John is clean-cut and athletic, with short blond hair and sharp features. His quick movements and speech reveal his alert intelligence. But through all of his teens and young adulthood, he was headed for complete self-destruction through drugs. And it all started when he was just seven years old.
At that age, after a short multiple-choice test at his school, he was diagnosed with ADHD and prescribed Ritalin, a strong stimulant drug. His small initial dosage kept growing over the years until it had multiplied to six times his original dosage by the time he was 21 years old.
His years of being given Ritalin by his mother and his doctor convinced him of one thing: He needed to take a drug to feel normal. From that idea it was a simple step to start abusing alcohol and marijuana in his early teens.
When he and his older brother started hanging out with older kids, he got introduced to LSD and mushrooms as well. He quickly found out that alcohol was the drug he preferred.
Drugs and Alcohol Start Ruining John’s Education
By the time he was in high school, the effect of the drugs began to drag his grades down. He barely graduated and only made it into college with the help of a family friend. But then, since all he was doing was partying and using drugs, he flunked out in his first year.
That was the same year he began to abuse cocaine, finding the effect to be very similar to the effect of the Ritalin he was still being prescribed. The stimulating effects of the cocaine allowed him to stay up longer and drink more.
But the outside world began to interfere in his drugs and drinking. He began to be arrested for malicious mischief or DUIs. After he hit and broke a telephone pole while high on marijuana, his actions got the attention of his family who got him to rehab for the first time. It was the first time he wanted help too.
John’s First Rehab: Librium and Valium as Treatment
This first program was a standard 28-day program. The primary treatment was medication and meetings. He was immediately given Librium and Valium and began to attend the meetings.
He left the program after 12 days but continued to go to meetings. In every meeting, he met people who had been trying to recover but were back in the meetings again after failing at sobriety, never recovering fully from their addictions. In his mind, this seemed to give him the justification he needed to start drinking again and in two weeks, he was back to hitting the bottle.

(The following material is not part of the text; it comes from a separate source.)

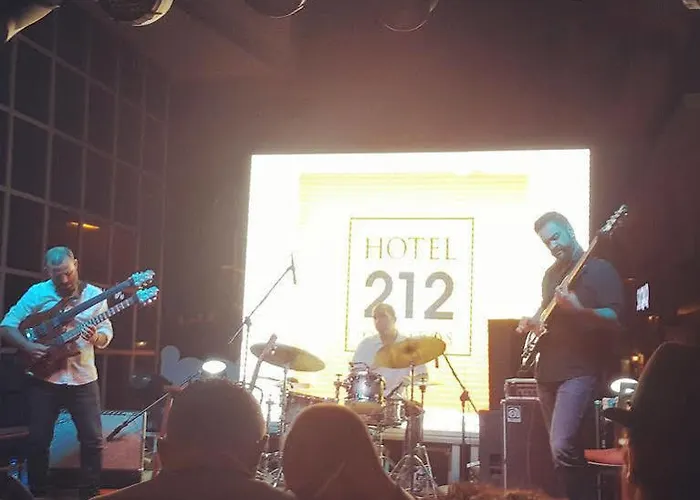 212 מלון אולימפוס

Now he was convinced he had an incurable disease, like they had told him in the rehab. He got back into all his preferred drugs: alcohol, marijuana, cocaine. He was still taking Ritalin but most of the time crushed it and snorted it to get a stronger effect from the drug.

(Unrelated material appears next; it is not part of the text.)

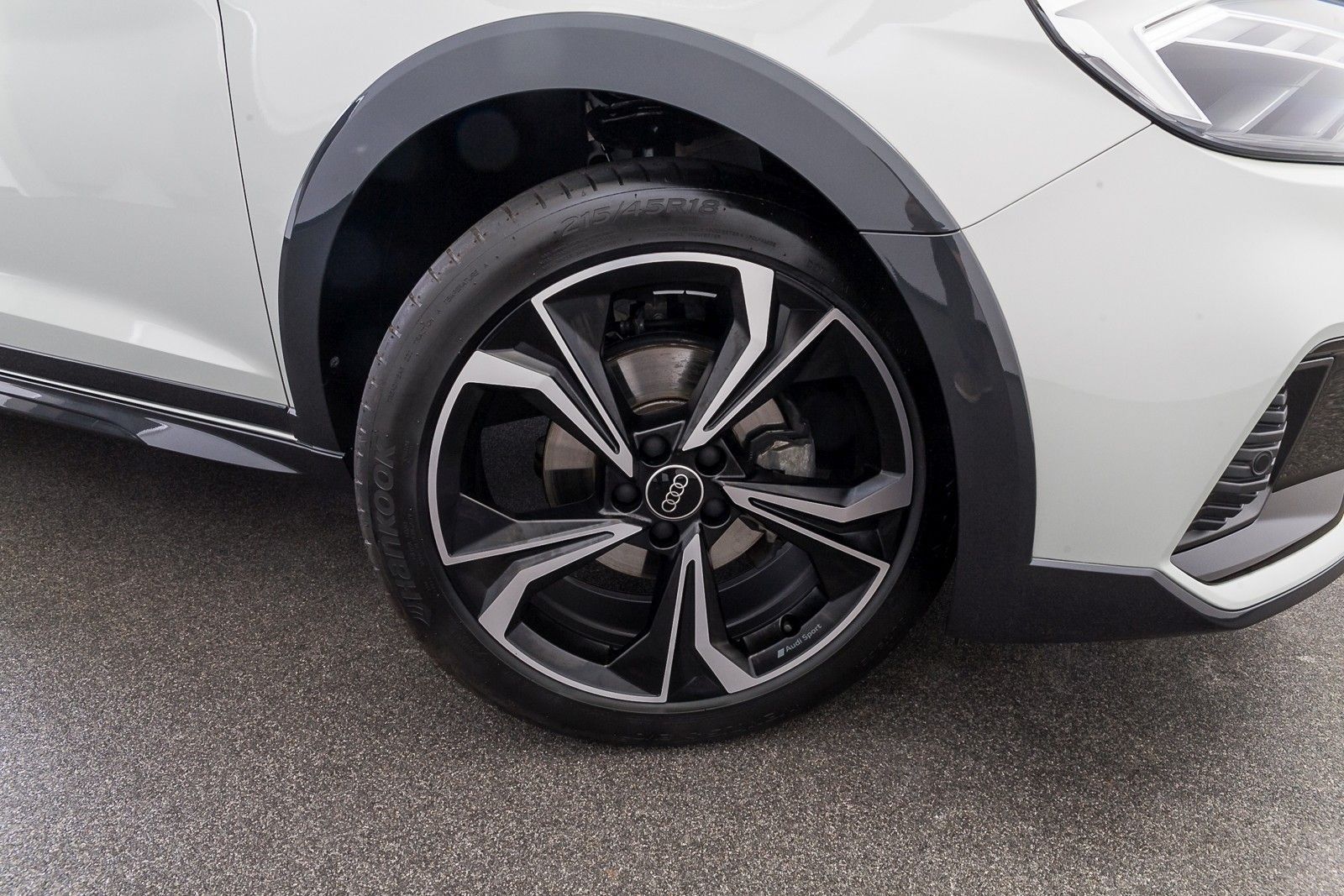 Audi A1 allstreet 35 TFSI S tr. - Samsaru's Car Outlet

The Life of Constant Lying Begins
Soon he was living at home again, pretending he was going to college and picking up odd jobs as he could. Most of his money was going to the bar where he was doing his drinking. His drugs, he mooched from his friends. About this time, he said, “It was such a pit of existence that I was stuck in and I didn’t know how to get out. And it only got worse after that.”
His family continued to try to help him but he seemed unable to stay sober. He wanted to get away from their constant help and supervision and found a job selling furniture while traveling from state to state. This enabled him to keep using drugs without anyone trying to help him.
He was making plenty of money but most of it was going to drugs. Now that he was more flush, he started using more cocaine.
He started using eightballs — an eighth of an ounce — per night. He hated the feeling cocaine gave him but found himself unable to stop.
His Father’s Death Brings John to a Turning Point
The turning point of his life came when he tried to go home to see his father just before he died. In a fateful coincidence, he got bumped to first class on the flight home, where he got all the free alcohol needed to get him completely drunk by the time he landed. His family refused to allow him to visit his father drunk. But by the morning when John was sober, his father had passed away.
He swore at that point that he would get his life together. It took a few months and one more car accident for him to turn that promise into action. After that accident, covered with blood but relatively uninjured, he looked at himself in the mirror and got honest with himself for the first time. He had to decide how to break the news to his family that he’d been using drugs because they thought he’d been doing great while he was on the road. The next day he was on a Greyhound bus for Narconon.
“I came to Narconon knowing that this was my last stop,” he said. “I knew I needed help and I was ready to do whatever it took.”
Getting Sober Wasn’t the Only Thing that Happened at Narconon
He not only got completely sober at Narconon, he also dedicated himself to saving others from drugs. Instead of going on the road to sell furniture and use drugs, John hit the road to deliver drug education classes in schools across the midwest states. In the next few years, he would reach more than 200,000 children face-to-face.
After feeling betrayed by his constant use of drugs, John’s family was upset with him for quite some time. Now, because of his lasting sobriety, John and his family are reconciled.
“The Narconon drug rehab program not only helped me get sober, it helped me understand why I had started using drugs in the first place,” John concluded. “And that helped me find lasting sobriety. Now I can bring my understanding to others through my drug education lectures to schoolchildren.”